Le matériel génétique est partout – dans le sol, dans l'air, dans l'eau. En analysant cet ADN dit "environnemental", les scientifiques découvrent par exemple quels organismes sont présents dans un habitat.
Comment trouver des poissons rares dans la mer? Ou de minuscules champignons dans un pré? Des batraciens nocturnes dans un étang envahi par la végétation? Pendant longtemps, il fallait pour cela fouiller laborieusement le terrain, ce qui mobilisait beaucoup de temps et de personnel, utiliser un équipement souvent coûteux, et compter sur une dose de chance.
Analyser le matériel génétique d'échantillons prélevés dans l'environnement
Il existe désormais une autre méthode, souvent moins coûteuse ou plus prometteuse, appelée ADNe ou ADN environnemental. Elle consiste à analyser le patrimoine génétique dans des échantillons environnementaux prélevés dans le milieu que l'on souhaite surveiller. Car le patrimoine génétique est partout, dans l'air, dans l'eau, dans le sol. Les animaux le perdent par exemple avec leur salive, leurs poils, leurs plumes ou leurs excréments, les champignons le libèrent dans leurs spores ou les fleurs dans leur pollen. Lorsqu'un poisson ou un triton nage dans un étang, il y laisse des traces d'ADN invisibles à l'œil nu. Les scientifiques peuvent amplifier ces traces génétiques, les analyser et déterminer de quelle(s) espèce(s) elles proviennent. Depuis quelques années, de telles analyses s'affinent et deviennent de plus en plus fréquentes.

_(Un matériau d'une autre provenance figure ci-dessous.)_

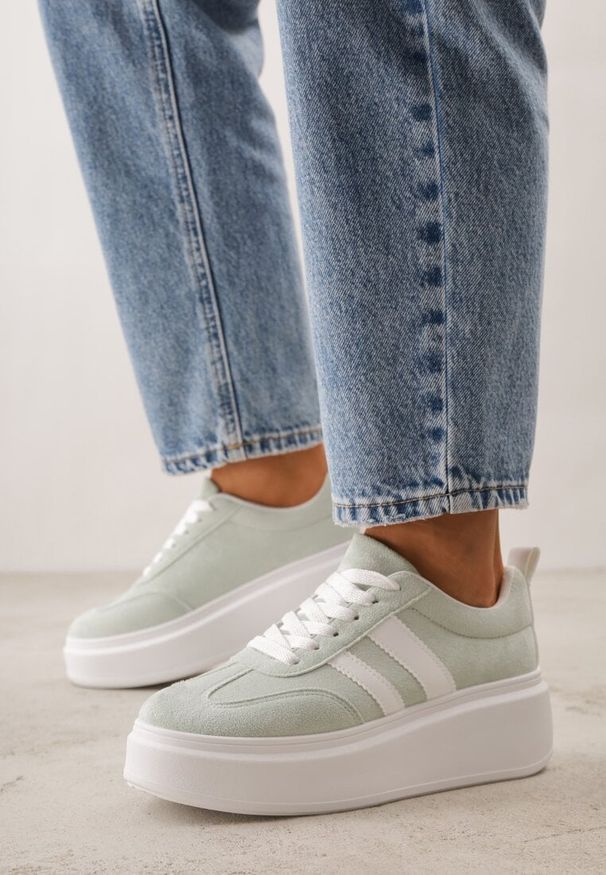 Renee - Zielone Sneakersy Typu Kultowe Tenisówki na Platformie Redoreve. Kolor: zielony. Materiał: skóra, jeans. Obcas: na platformie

Le laboratoire d’ADNe du WSL est spécialement équipé pour préparer les échantillons: les scientifiques en extraient le matériel génétique et le traitent afin qu'il puisse ensuite être amplifié dans les laboratoires de génétique du WSL. Ces procédures doivent être effectuées dans des conditions de stérilité très strictes afin d'éviter que les échantillons ne soient contaminés, par exemple par l'air du laboratoire.
Des normes de propreté rigoureuses
C'est pourquoi des normes de propreté particulières sont appliquées dans notre laboratoire d'ADNe. Par exemple, seul de l'air purifié par des filtres à particules pénètre dans le laboratoire. Pour éviter de laisser entrer de l'air «sale» en ouvrant une porte, le laboratoire d'ADNe est en permanence en légère surpression. Les scientifiques accèdent au laboratoire par un sas où ils enfilent des vêtements de protection et changent de chaussures. Les vestiaires servent également à entreposer le matériel de laboratoire. Celui-ci est stérilisé avant d'entrer dans le laboratoire.
Le travail se fait sous une hotte à flux laminaire qui évacue l'air vers l'extérieur. Cette procédure permet d'une part de protéger les scientifique contre les produits chimiques avec lesquels ils travaillent et d'autre part de réduire le risque de contamination des échantillons. Le poste de travail est nettoyé minutieusement après chaque utilisation afin de détruire tout matériel génétique éventuel et de limiter le risque de contamination lors d’analyses ultérieures.
Liste rouge des champignons
Le laboratoire, dont l'ouverture est prévue pour le printemps 2023, sera utilisé par exemple dans le cadre de la révision de la Liste rouge des champignons de Suisse. Pour ce faire, les scientifiques collectent pendant une longue période des spores de champignons dans l'air sur du papier filtre à l'aide de pièges à spores répartis dans toute la Suisse. Dans le laboratoire d'ADNe, ils préparent ces échantillons environnementaux et extraient le patrimoine génétique des spores. L'ADN est ensuite amplifié et décodé.
À l'aide des séquences génétiques, les scientifiques peuvent ensuite déterminer quelles espèces ou quels groupes d'espèces de champignons poussent à proximité du piège à spores – et cela, sans avoir trouvé ces champignons eux-mêmes sur le terrain.